### AIM OF THE EXERCISE
Each record below should be reproduced as it is written, with pictures left out entirely.

[EXERCISE MATERIALS — start]

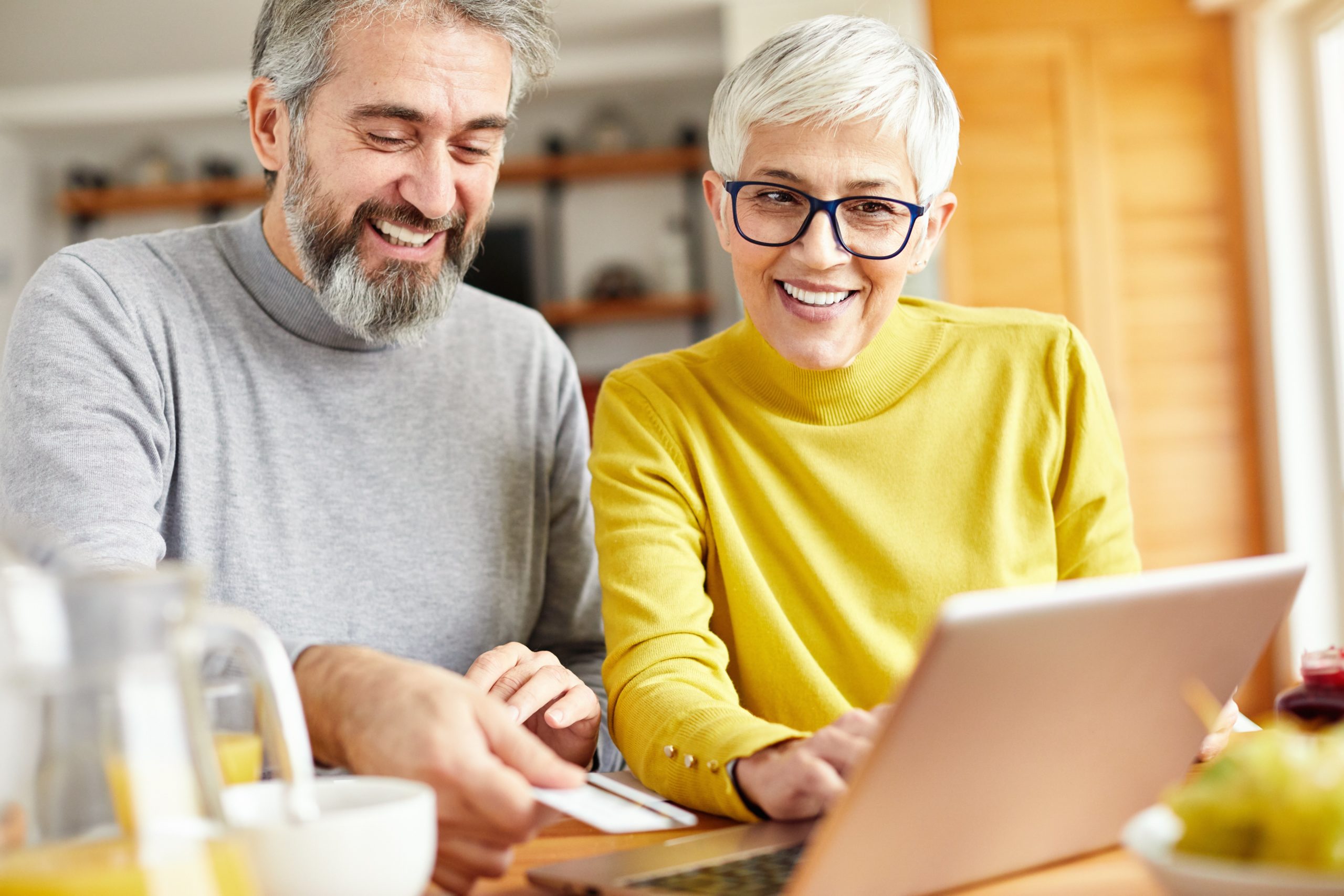 a man and woman looking at a laptop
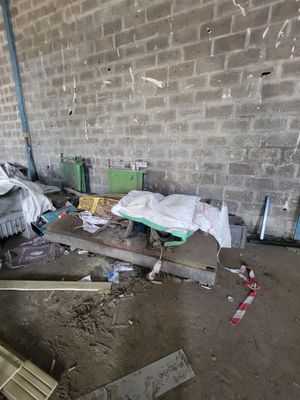 a pile of junk in a room with a brick wall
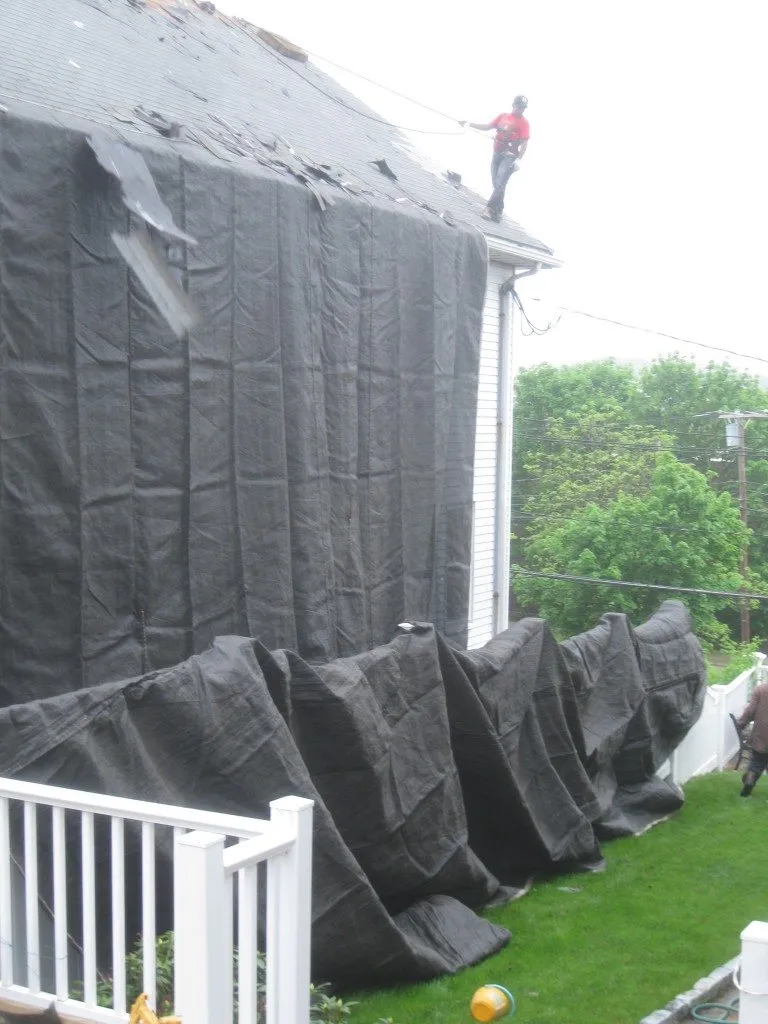 Roofing contractor working in tight quarters to complete detailed roof installation.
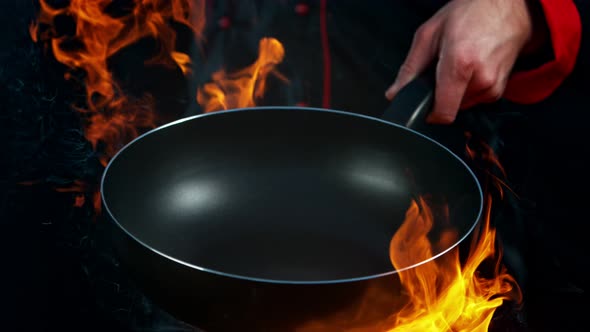 Super Slow Motion Shot of Chef Holding Empty Frying Pan and Flames at 1000Fps. alt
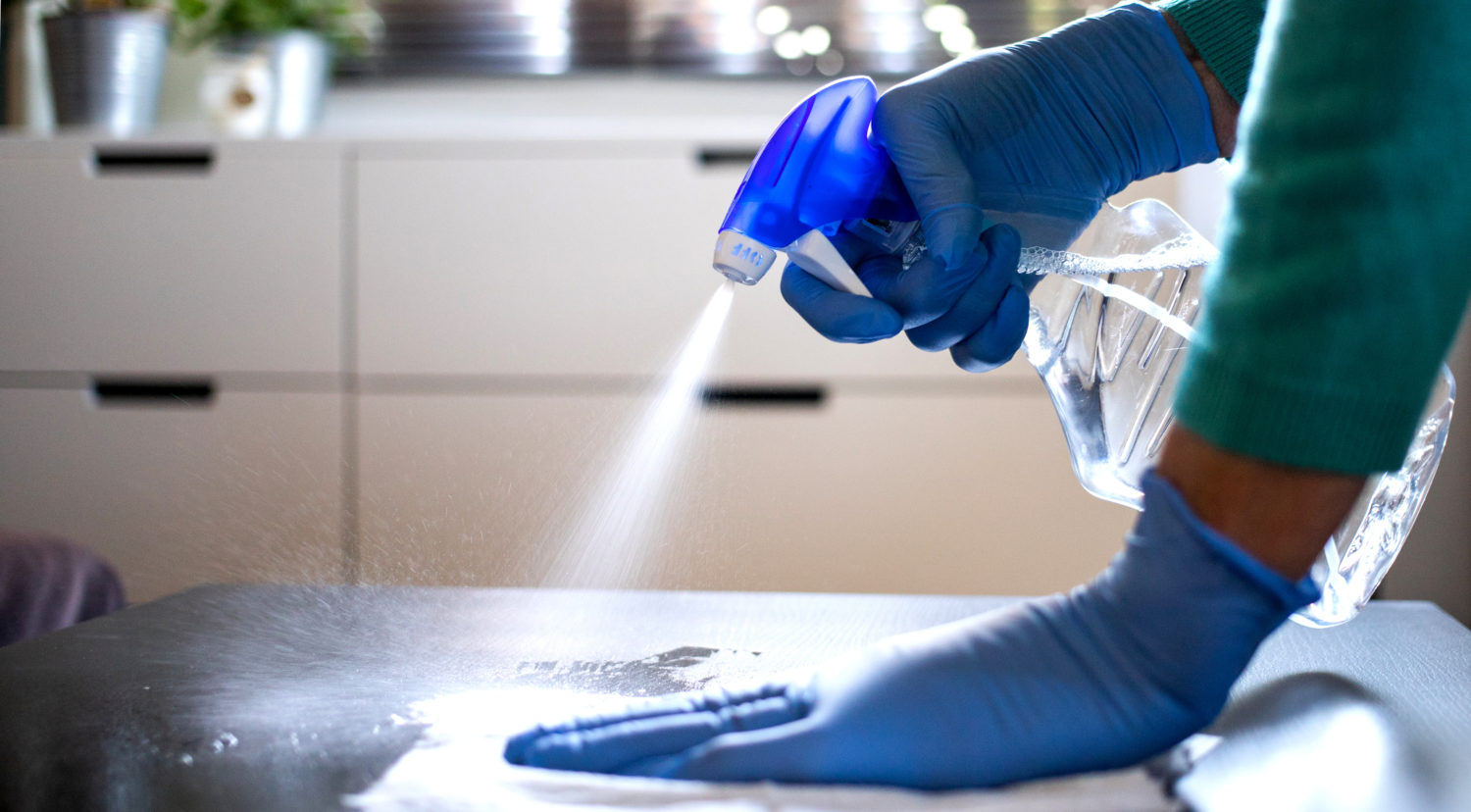 bottle spraying a cleaning fluid onto a surface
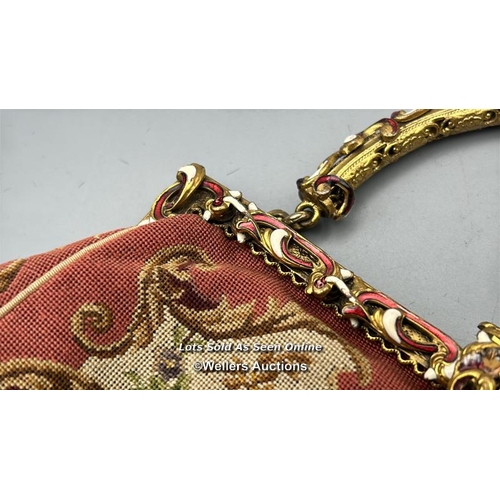 184 - A vintage embroidered evening purse with ornate yellow metal clasp and handle decorated with red and... 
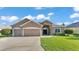 Charming single-story home with a three-car garage and well-manicured landscaping at 2812 Whitney St, Lakeland, FL 33813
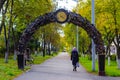 Alley with lanterns and a bench under an iron arch with a clock. Beautiful cityscape of alley with autumn trees. Royalty Free Stock Photo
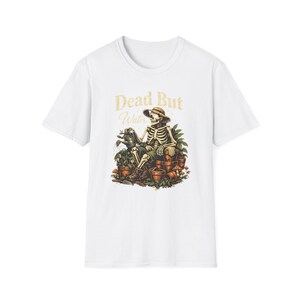 Può includere: T-shirt bianca con una grafica umoristica di uno scheletro con un cappello di paglia che innaffia le piante. Il testo "Dead But Water" è sopra l'illustrazione. Il design include toni marroni e verdi.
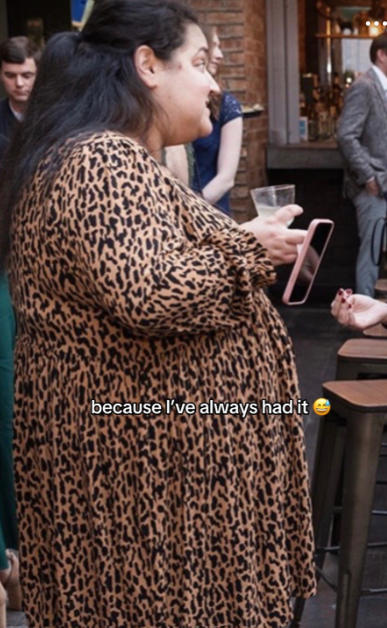 A woman in a leopard print dress holding a drink and phone.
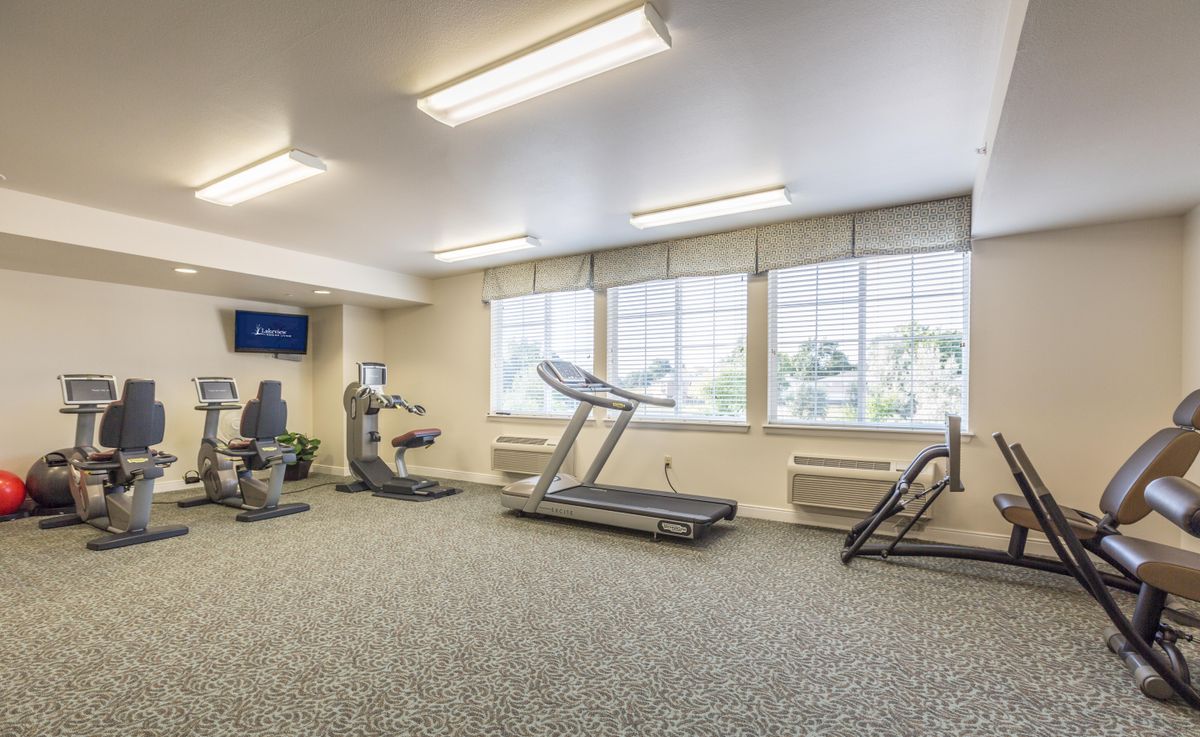 A well-lit gym room featuring various exercise equipment, including a treadmill and stationary bike.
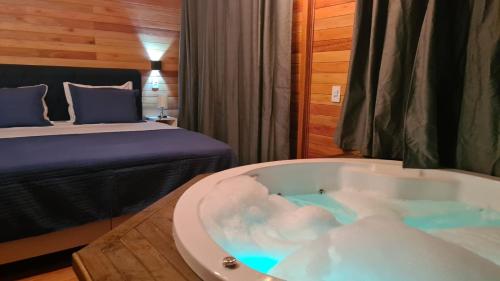 um quarto com uma banheira e uma cama em Chalé Vista Das Araucárias em Urubici
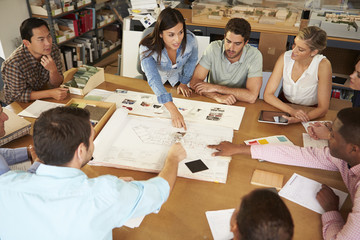 Poster - Female Boss Leading Meeting Of Architects Sitting At Table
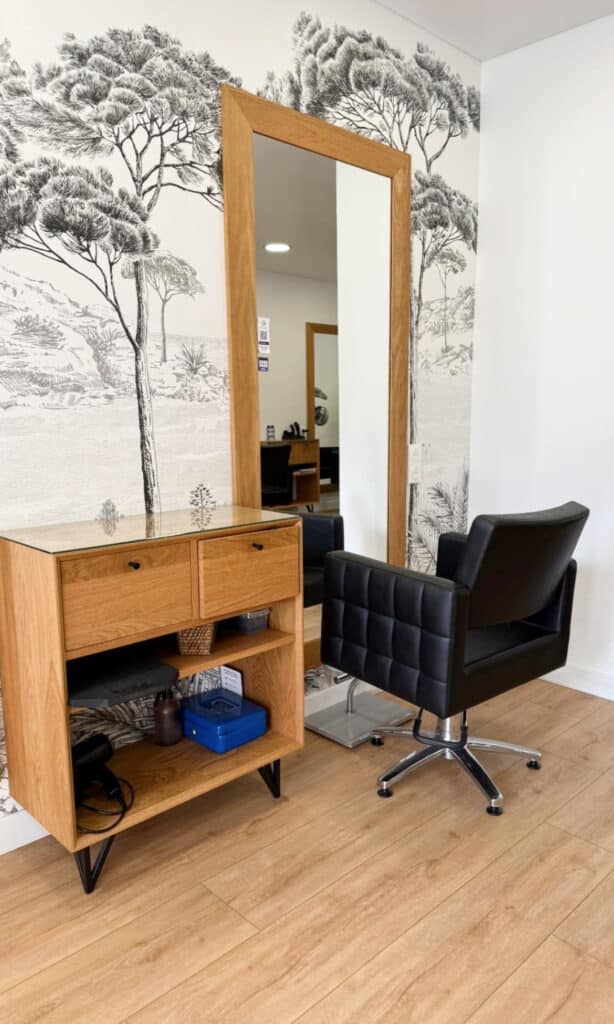 Meuble de rangement en bois clair avec étagères et tiroirs, placé dans un salon de coiffure moderne.
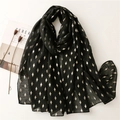 Black lightweight scarf with gold foil diamond patterns on white background with props - Black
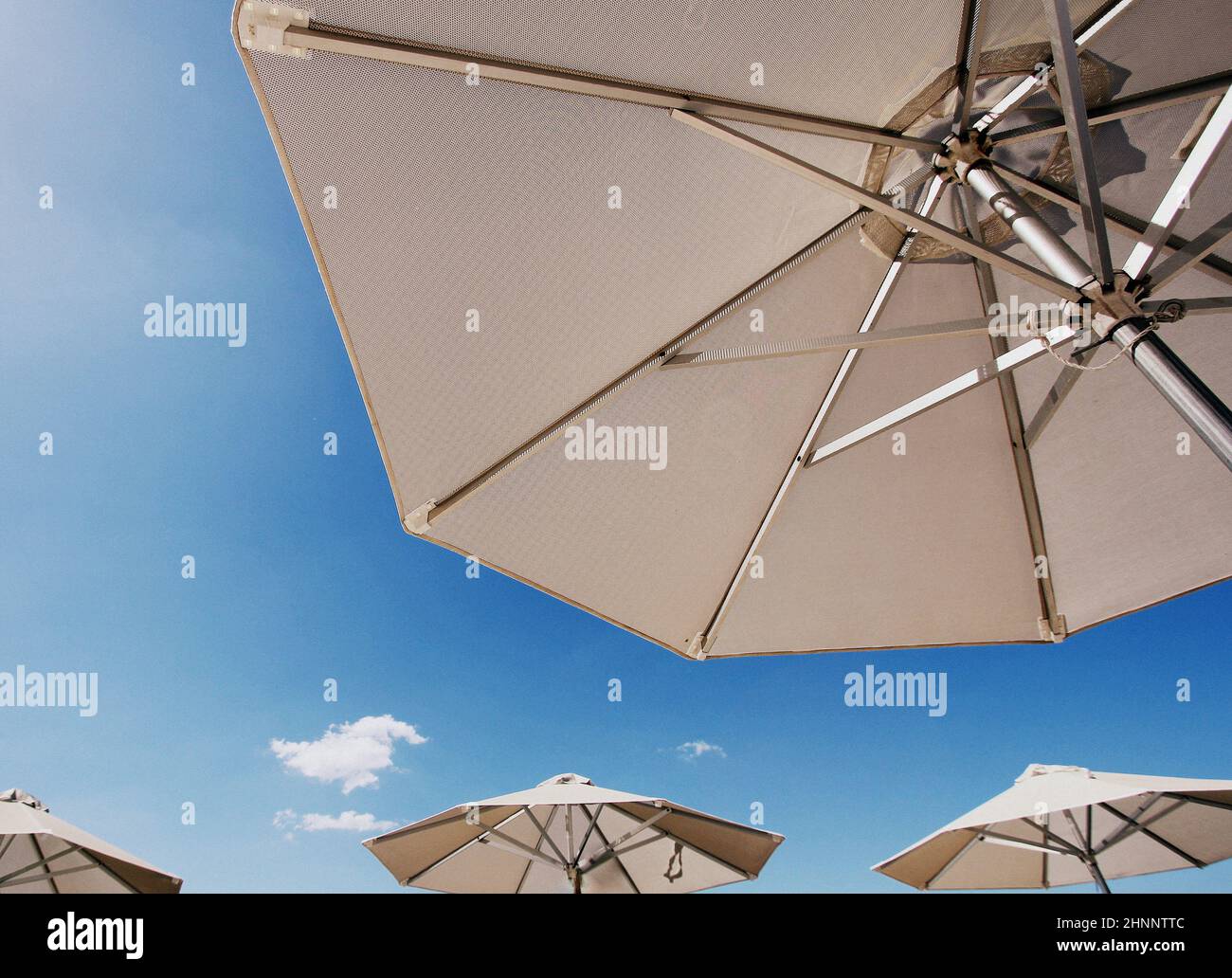 Bright sun umbrellas on the beach Stock Photo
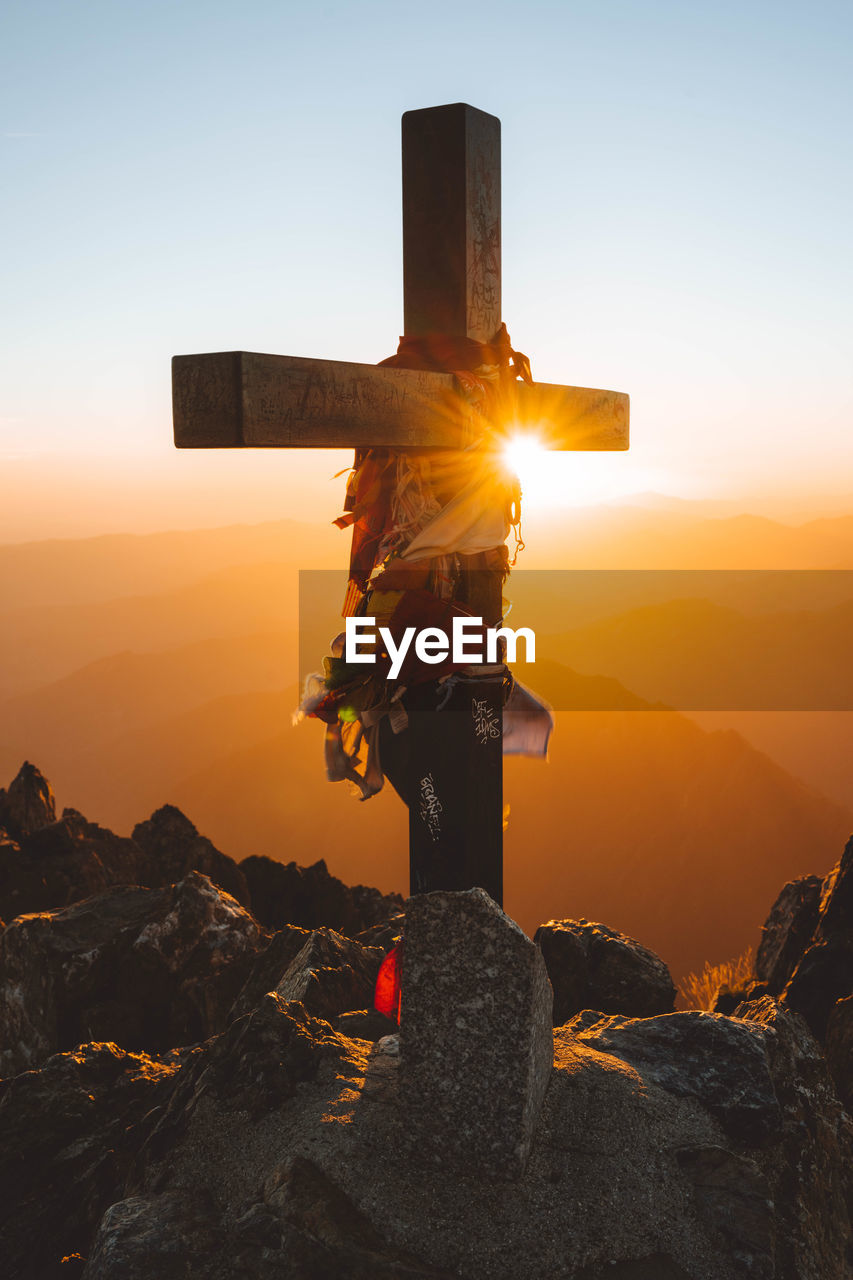 A cross at the summit of mont valier, pyrenees at sunrise.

[EXERCISE MATERIALS — finish]

### TASK ANSWER
 a man and woman looking at a laptop
 a pile of junk in a room with a brick wall
 Roofing contractor working in tight quarters to complete detailed roof installation.
 Super Slow Motion Shot of Chef Holding Empty Frying Pan and Flames at 1000Fps. alt
 bottle spraying a cleaning fluid onto a surface
 184 - A vintage embroidered evening purse with ornate yellow metal clasp and handle decorated with red and... 
 Charming single-story home with a three-car garage and well-manicured landscaping at 2812 Whitney St, Lakeland, FL 33813
 Alley with lanterns and a bench under an iron arch with a clock. Beautiful cityscape of alley with autumn trees. Royalty Free Stock Photo
 Può includere: T-shirt bianca con una grafica umoristica di uno scheletro con un cappello di paglia che innaffia le piante. Il testo "Dead But Water" è sopra l'illustrazione. Il design include toni marroni e verdi.
 A woman in a leopard print dress holding a drink and phone.
 A well-lit gym room featuring various exercise equipment, including a treadmill and stationary bike.
 um quarto com uma banheira e uma cama em Chalé Vista Das Araucárias em Urubici
 Poster - Female Boss Leading Meeting Of Architects Sitting At Table
 Meuble de rangement en bois clair avec étagères et tiroirs, placé dans un salon de coiffure moderne.
 Black lightweight scarf with gold foil diamond patterns on white background with props - Black
 Bright sun umbrellas on the beach Stock Photo
 A cross at the summit of mont valier, pyrenees at sunrise.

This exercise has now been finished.